Optimizing explicitly on a sphere canonical mesh-like LASR[1] can easily get stuck due to local minima. To alleviate this issue, BANMo[2] optimizes on implicit space, called canonical space, using volume rendering and an optimizing scheme similar to NeRF[3]. In this post, I introduce the general process of BANMo and its losses, including reconstruction loss and feature matching loss. Besides, the detailed information of reconstruction loss is also discussed. In the next post, I will mention about the feature matching loss and visualization results.

## Overview

Figure 1. The simplified version of BANMo. Blue cells are parameters that we need to optimize from the input video. Red cell indicates the loss. Grey cells are values and operators that are not optimized in the process.

Similar to LASR[1], the inputs for BANMo are:

- An RGB video with a sequence of frames $\{I_t\}$, with $t$ indicates the $t$-th frame.
- Silhouettes $\{S_t\}$.
- Optical flows from the input video $\{u_t\}$.

And the outputs are:

- $\mathbf{S}$: rest shape of the object.
- $\mathbf{G_t}$: the time-varying transformations.
- $\mathbf{K_t}$: the camera intrinsics.

But because BANMo optimizes the shape implicitly, the real output is the 3D canonical space $\mathbf{X^*}$, typically it is a 3D cube with grid-like 3D points inside it. Then we perform the Marching cube to extract the mesh $\mathbf{S}$. Because our shape is implicit, $\mathbf{G_t}$ and $\mathbf{K_t}$ are transformation matrices on canonical space, not the shape itself.

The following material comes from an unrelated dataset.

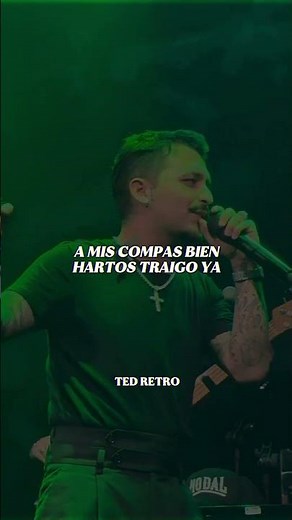 Botella tras botella, ando tomando pa' olvidarme de ella (Letra/Lyrics)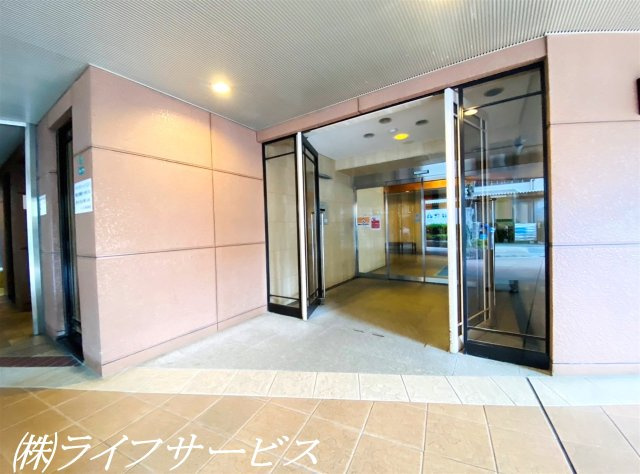 【エントランス】 | ソシエ北大阪 | エントランス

From Figure 1, we can see there is a total of 4 main losses, compared to 1 loss (reconstruction loss) of LASR. Despite the fact that BANMo still keeps the same idea of reconstruction loss (compute the discrepancy of image ground truth and rendered shape), the underlying computations are completely different. Details are shown in other sections below.

## Reconstruction loss

Figure 2. The general flow of color loss, or RGB loss.

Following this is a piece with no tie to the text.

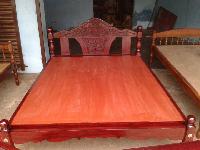 Family Coat Bed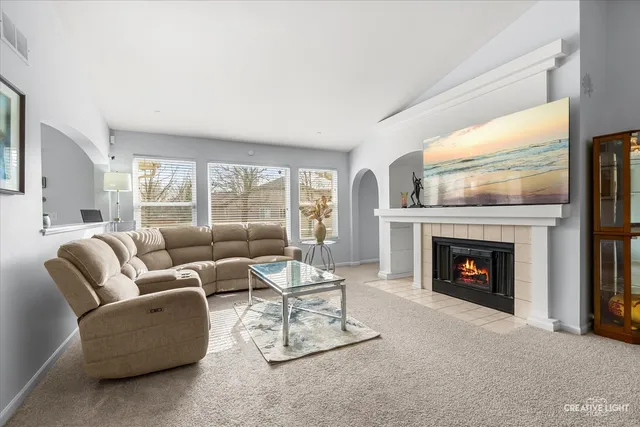 $450,000 | 2331 Handley Lane, Aurora, IL 60502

Figure 3. The general flow of silhouette loss.

Figure 4. The general flow of optical flow loss.

BANMo's reconstruction loss comprises of 3 sub losses: color loss, silhouette loss, and optical flow loss, and they are shown in Figure 2,3,4. Those three losses share the same idea of computing the $L_2$ distance between the observed value at position (x,y) (or $\mathbf{x^t}$ in the figures) in the image plane and the corresponding rendered value from volume rendering.

For color loss, from the position (x,y) we sample the 3D points from the ray and use a mapping function from camera space to canonical space $\mathcal{W}^{t,\leftarrow}$. Subsequently, we can compute two components that make up a color in camera space, i.e. opacity and the original color. The opacity is represented by the visibility distribution $\tau$, where its element $\tau_{i}=\prod_{j=1}^{i-1} p_{j}\left(1-p_{i}\right)$, $p_{i}=\exp \left(-\sigma_{i} \delta_{i}\right)$ is the probability that the light is transmitted through the interval $\delta_{i}$, and $\sigma_{i}=\sigma\left(\mathcal{W}^{t, \leftarrow}\left(\mathbf{X}_{i}^{t}\right)\right)$ is the density from the same MLP like color. Specifically, the color and density are computed as

With the same visibility distribution, we can compute the silhouette loss (Figure 3) by summing all $\tau_i$ of N sampled points from the ray. To compute the optical flow loss, we need to compute the frame $t'$-th position in image space so that we can compute the optical flow. Therefore, the loss uses a projection $\mathcal{W}^{t, \rightarrow}$ to map from canonical space to camera space at frame $t'$-th and combine the same visibility distribution to predict $(x',y')$ in image space, as shown in Figure 4.

## Next time

In the next part of this series, I will mention about the feature matching loss in using Neural radiance field for reconstructing 3D model from monocular video. Then, I will introduce about the visualization results and comparison with other methods.

## References

[1] Yang, Gengshan, et al. "Lasr: Learning articulated shape reconstruction from a monocular video." Proceedings of the IEEE/CVF Conference on Computer Vision and Pattern Recognition. 2021.

[2] Yang, Gengshan, et al. "Banmo: Building animatable 3d neural models from many casual videos." Proceedings of the IEEE/CVF Conference on Computer Vision and Pattern Recognition. 2022.

[3] Mildenhall, Ben, et al. "Nerf: Representing scenes as neural radiance fields for view synthesis." European conference on computer vision. Springer, Cham, 2020.